According to forecasts, Kenya’s general insurance market is expected to grow at a 9.1% CAGR, from KES 238.8 billion in 2025 to KES 338.3 billion by 2029, with climate-focused products being a key growth driver.

6. Low Penetration & Youth Engagement Challenges

Despite innovation, penetration remains low—just over 2% of GDP.
One of the biggest challenges? Winning over young consumers.

Surveys show that many Kenyans under 30 avoid insurance for three main reasons:

  1. Affordability – Insurance is often seen as a luxury, especially with rising living costs.
  2. Perceived lack of value – Some believe the risk of needing insurance is too low to justify the cost.
  3. Trust issues – Slow claims processing and complex policy terms discourage sign-ups.

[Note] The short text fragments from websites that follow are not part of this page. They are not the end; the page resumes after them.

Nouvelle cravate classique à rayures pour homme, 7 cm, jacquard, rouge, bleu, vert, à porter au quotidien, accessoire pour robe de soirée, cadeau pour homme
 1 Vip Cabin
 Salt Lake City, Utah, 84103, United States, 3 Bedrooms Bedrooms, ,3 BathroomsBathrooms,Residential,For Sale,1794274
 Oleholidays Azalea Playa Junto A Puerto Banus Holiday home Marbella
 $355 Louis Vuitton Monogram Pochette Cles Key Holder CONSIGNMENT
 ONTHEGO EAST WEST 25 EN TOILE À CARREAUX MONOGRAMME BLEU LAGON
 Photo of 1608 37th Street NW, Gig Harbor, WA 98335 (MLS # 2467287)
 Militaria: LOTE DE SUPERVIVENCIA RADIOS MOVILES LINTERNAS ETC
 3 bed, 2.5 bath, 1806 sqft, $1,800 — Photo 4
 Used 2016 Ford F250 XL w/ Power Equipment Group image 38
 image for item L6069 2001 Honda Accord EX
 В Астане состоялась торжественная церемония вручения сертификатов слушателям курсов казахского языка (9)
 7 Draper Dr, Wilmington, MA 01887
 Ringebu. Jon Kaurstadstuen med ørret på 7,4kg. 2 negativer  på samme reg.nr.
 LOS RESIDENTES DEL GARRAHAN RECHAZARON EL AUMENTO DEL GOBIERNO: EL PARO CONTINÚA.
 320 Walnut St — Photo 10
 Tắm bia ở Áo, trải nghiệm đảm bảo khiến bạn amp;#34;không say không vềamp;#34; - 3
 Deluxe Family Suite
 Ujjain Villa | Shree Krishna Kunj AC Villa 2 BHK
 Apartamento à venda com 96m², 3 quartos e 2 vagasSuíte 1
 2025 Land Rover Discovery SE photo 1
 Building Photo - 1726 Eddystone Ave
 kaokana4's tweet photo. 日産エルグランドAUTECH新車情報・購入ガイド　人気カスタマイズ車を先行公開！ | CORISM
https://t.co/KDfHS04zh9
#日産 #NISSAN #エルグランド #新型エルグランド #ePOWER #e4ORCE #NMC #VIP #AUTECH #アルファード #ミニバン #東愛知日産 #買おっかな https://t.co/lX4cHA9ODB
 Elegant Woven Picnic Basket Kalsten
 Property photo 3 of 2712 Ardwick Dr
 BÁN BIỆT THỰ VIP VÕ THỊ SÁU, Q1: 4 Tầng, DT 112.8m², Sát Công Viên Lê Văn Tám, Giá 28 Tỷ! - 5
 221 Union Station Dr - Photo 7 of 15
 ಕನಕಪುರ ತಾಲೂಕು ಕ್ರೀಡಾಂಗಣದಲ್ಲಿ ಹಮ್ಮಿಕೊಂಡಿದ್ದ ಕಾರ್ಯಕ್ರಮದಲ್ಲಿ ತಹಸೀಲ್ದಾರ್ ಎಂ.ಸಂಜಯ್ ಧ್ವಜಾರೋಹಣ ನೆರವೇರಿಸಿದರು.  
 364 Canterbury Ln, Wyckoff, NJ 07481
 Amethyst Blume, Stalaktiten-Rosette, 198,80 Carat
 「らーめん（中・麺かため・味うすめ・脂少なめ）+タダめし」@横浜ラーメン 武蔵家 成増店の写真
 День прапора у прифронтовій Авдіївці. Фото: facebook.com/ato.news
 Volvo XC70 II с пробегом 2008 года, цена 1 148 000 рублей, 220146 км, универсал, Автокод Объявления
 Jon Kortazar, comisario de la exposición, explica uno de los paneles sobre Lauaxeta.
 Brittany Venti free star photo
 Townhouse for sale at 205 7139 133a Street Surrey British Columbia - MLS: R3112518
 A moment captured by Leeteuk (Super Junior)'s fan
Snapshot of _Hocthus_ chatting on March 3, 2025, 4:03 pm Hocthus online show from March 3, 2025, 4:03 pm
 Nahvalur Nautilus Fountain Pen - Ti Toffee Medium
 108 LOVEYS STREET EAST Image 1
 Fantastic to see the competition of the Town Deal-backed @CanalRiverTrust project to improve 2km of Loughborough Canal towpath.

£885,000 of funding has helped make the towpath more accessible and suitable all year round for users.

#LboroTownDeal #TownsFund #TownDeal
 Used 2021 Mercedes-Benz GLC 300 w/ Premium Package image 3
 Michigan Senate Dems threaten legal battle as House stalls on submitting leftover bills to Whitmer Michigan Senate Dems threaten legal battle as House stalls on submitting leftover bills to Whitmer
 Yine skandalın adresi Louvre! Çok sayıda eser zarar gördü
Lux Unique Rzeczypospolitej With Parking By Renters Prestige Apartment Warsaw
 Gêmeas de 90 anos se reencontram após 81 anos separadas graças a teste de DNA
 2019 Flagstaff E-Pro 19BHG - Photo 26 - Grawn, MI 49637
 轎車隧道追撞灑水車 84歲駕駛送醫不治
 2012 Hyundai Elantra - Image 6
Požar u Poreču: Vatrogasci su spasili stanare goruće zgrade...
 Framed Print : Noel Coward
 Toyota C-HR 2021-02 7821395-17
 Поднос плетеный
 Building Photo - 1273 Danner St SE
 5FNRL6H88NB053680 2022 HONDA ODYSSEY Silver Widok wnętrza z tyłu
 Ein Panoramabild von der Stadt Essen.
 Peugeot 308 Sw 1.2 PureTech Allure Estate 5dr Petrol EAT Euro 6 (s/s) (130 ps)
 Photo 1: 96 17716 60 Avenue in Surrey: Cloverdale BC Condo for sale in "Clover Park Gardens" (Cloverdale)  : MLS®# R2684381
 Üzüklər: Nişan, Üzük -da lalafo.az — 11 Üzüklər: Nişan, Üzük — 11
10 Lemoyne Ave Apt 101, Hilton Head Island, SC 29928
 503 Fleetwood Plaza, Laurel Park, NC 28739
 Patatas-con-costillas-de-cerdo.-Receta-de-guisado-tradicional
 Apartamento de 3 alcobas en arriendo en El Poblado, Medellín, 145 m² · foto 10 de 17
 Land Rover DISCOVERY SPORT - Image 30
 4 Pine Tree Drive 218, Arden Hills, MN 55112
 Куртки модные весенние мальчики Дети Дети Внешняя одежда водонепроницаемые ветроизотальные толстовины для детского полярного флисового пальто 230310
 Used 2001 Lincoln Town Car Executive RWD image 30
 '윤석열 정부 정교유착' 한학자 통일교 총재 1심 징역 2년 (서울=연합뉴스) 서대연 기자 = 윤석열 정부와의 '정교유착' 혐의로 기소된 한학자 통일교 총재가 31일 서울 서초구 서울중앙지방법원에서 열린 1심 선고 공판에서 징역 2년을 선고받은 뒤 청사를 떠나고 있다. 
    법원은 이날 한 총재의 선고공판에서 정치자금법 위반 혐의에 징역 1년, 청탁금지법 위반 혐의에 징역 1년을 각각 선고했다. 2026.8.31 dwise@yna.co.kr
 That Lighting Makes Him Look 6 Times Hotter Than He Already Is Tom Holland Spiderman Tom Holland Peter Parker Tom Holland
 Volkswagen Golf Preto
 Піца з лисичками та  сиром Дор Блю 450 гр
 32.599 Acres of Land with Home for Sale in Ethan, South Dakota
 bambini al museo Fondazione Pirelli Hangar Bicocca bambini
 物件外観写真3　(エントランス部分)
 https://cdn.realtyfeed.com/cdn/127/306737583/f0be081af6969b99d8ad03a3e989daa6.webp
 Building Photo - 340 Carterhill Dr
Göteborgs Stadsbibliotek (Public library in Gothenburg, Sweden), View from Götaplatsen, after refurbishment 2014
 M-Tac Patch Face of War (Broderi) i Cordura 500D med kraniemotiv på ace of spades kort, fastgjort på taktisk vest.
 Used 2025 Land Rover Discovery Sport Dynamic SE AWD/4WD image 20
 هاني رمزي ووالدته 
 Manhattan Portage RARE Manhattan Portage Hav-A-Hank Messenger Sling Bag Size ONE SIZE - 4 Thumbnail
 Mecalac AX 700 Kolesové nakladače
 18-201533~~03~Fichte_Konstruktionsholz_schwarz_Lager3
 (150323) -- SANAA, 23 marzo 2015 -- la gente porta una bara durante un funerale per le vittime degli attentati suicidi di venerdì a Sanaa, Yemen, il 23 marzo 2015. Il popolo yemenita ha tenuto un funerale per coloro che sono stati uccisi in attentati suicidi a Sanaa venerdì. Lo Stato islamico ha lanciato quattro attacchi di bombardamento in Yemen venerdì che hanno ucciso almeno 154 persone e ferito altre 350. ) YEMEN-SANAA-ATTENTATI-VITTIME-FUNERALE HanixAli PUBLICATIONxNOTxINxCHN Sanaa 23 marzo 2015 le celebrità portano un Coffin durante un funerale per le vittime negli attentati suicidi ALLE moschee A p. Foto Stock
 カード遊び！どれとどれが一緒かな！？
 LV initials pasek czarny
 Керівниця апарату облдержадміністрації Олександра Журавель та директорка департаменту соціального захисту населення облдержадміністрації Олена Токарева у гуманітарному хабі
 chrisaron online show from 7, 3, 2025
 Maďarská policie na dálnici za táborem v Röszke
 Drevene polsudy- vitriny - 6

To address this, insurers are:

  • Introducing bite-sized, pay-as-you-go policies via mobile money.
  • Offering instant claim settlement for small amounts.
  • Using social media influencers to educate and demystify insurance.

Outlook: The Future of Insurance in Kenya

The Kenyan insurance sector is at a crossroads. On one hand, regulatory reforms, rising operational costs, and persistent public mistrust pose significant challenges. On the other, digital innovation, microinsurance, and climate-focused products present massive opportunities.

Insurers that can:

  • Harness technology to improve customer experience,
  • Develop affordable, flexible products for underserved markets,
  • Build trust through fast, transparent claims,

…will be the ones to thrive in the next five years.

With the right strategies, Kenya’s insurance penetration rate could see significant growth—turning a currently underinsured population into a more financially secure one.